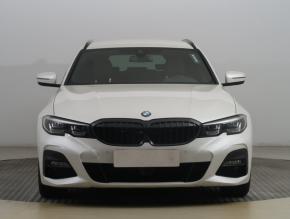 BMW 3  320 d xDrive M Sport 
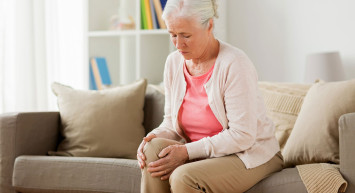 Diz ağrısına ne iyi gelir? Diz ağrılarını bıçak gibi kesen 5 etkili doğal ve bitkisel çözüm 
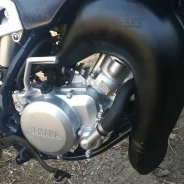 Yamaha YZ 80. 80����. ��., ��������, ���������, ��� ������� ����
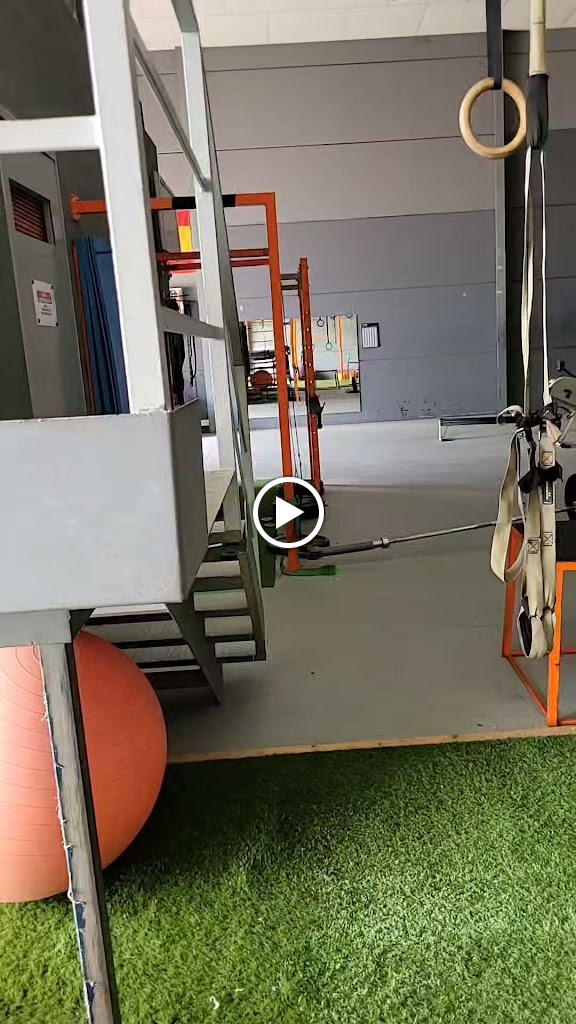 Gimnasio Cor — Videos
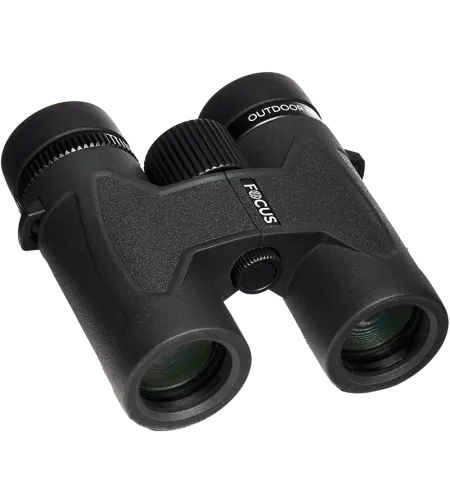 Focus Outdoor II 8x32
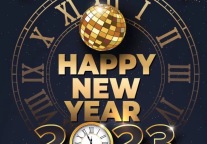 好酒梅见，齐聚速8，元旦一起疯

What is being asked:
Each entry should be copied exactly as written, though any pictures stay out.

Response area:
 BMW 3  320 d xDrive M Sport 
 Diz ağrısına ne iyi gelir? Diz ağrılarını bıçak gibi kesen 5 etkili doğal ve bitkisel çözüm 
 Yamaha YZ 80. 80����. ��., ��������, ���������, ��� ������� ����
 Gimnasio Cor — Videos
 Focus Outdoor II 8x32
 好酒梅见，齐聚速8，元旦一起疯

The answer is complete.